79. Mr. Desai submitted that judgments cited on behalf of the Respondents have neither been explained nor distinguished. Mr. Desai reiterates that the cases of DLF Housing Construction Vs. Delhi Municipal Corporation, ; Radhakrishnan Aggarwal Vs. State of Bihar, and Express Newspapers Pvt. Ltd. Vs. Union of India, , inter alia, clearly lay down that the disputed question of facts may not be decided in a Writ Petition.
80. Mr. Desai submitted that the judgments cited by the Petitioners do not negate the above propositions. Mr. Desai submits that the cases relied upon by the Petitioner are of no help to them for the following reasons :
(a) Consumer Education & Research Centre Vs. UOI.

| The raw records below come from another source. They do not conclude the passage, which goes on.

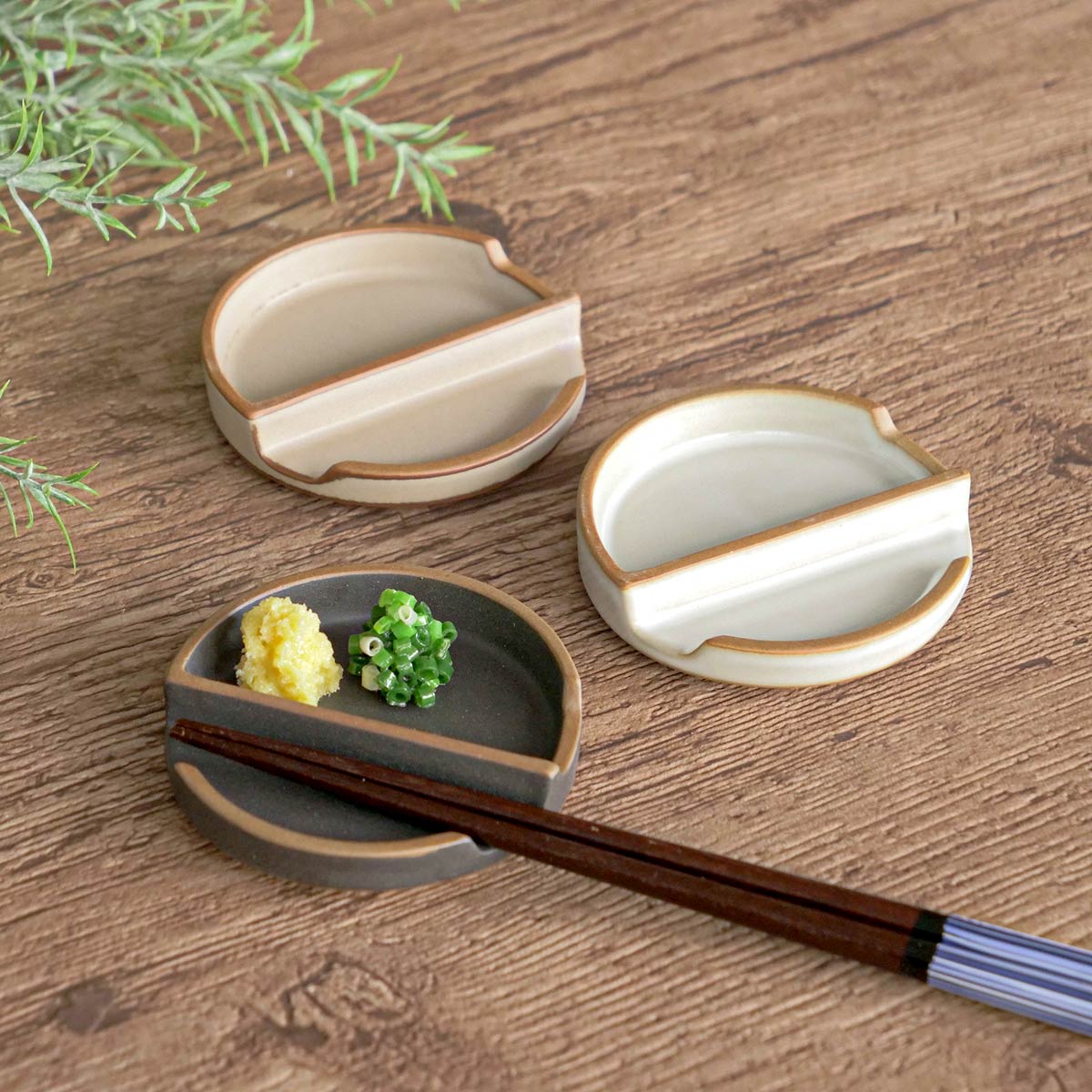 箸置き 小皿 ペトリー ( 食洗機対応 電子レンジ対応 箸置 箸おき はし置き はしおき 日本製 お皿 プレート カトラリーレスト 醤油 薬味 おつまみ 漬物 銘々皿 スタッキング おしゃれ シンプル ) 【ベージュ】 ベージュ
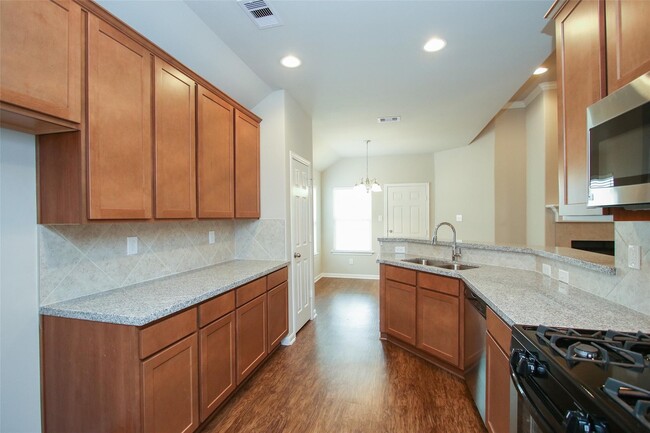 Building Photo - 8005 Woodward St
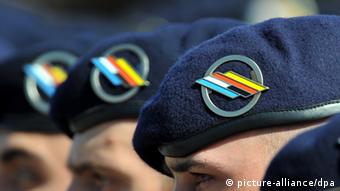Members of the Franco-German Brigade standing side by side (c) picture-alliance/dpa
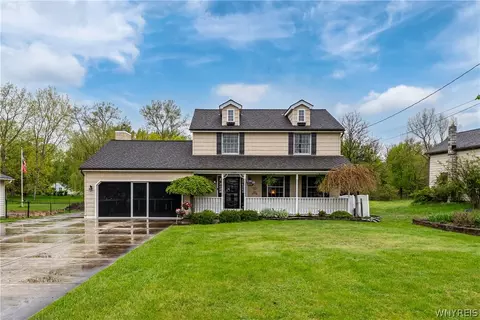 1540 Dodge Rd, East Amherst, NY 14051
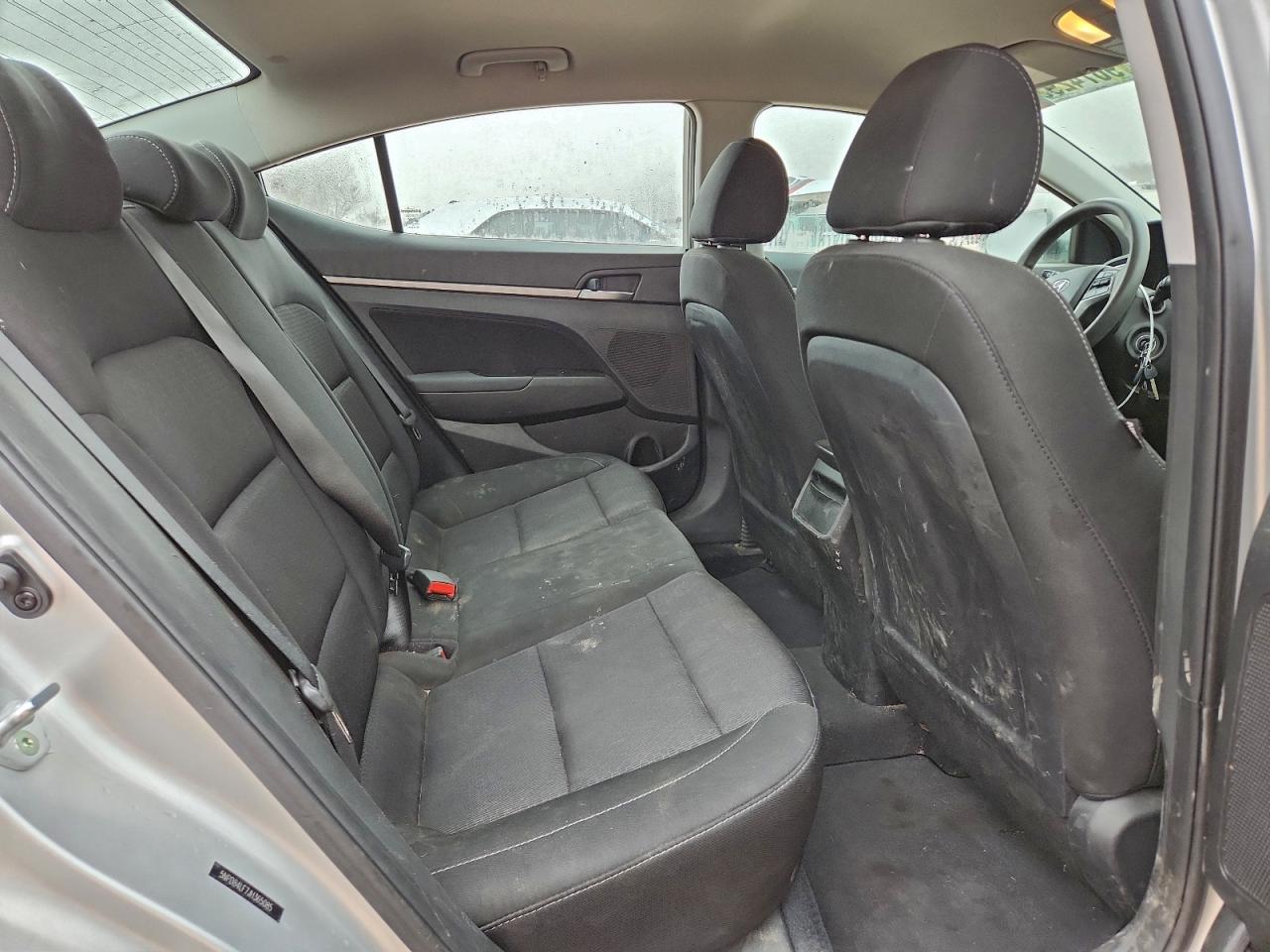 Hyundai ELANTRA Sel Image 10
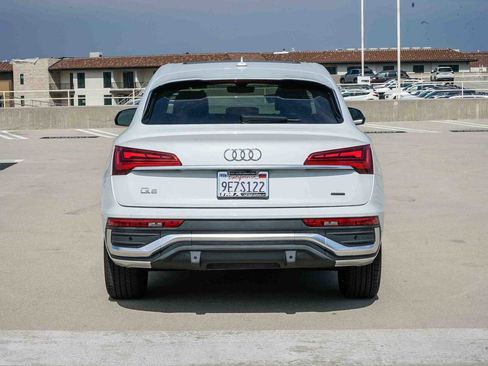 Used 2023 Audi Q5 2.0T Premium w/ Convenience Package image 3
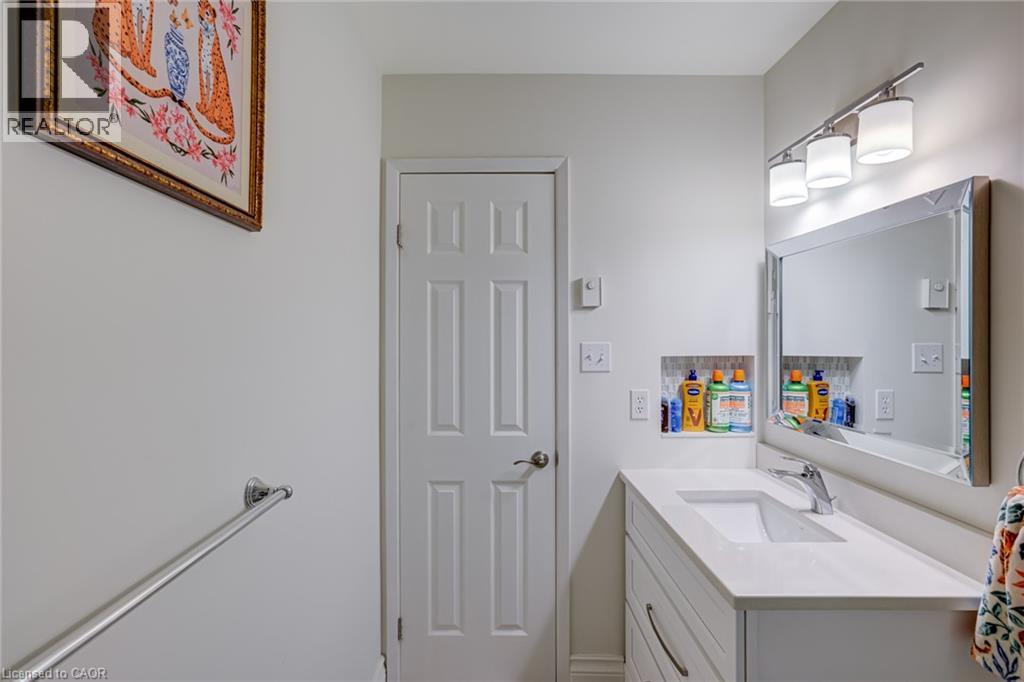 1560 KERNS Road Unit# 5, Burlington, Ontario, L7P3A7 — Photo 25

Mr. Desai submitted that this case arose out of a Writ Petition under Art. 32 in which directions were sought on behalf of workers who have sustained illnesses and injuries from working in asbestos factories. He submits that the prayers were not related to compensation. He submits that the Supreme Court held that it could give directions to make the right to life meaningful. Mr. Desai submitted that the Supreme Court made specific reference to power under Articles 32 and 142. He submitted that the Supreme Court awarded compensation to the employees in view of the fact that the Employees State Insurance Act and the Workmens Compensation Act do not provide for payment of compensation after cessation of employment. He submitted that in that view of the matter, the Supreme Court held that it became necessary to protect such persons from the respective dates of cessation of their employment. He submitted that it is significant that the contentious issue of quantification of damages did not arise as damages were liquidated.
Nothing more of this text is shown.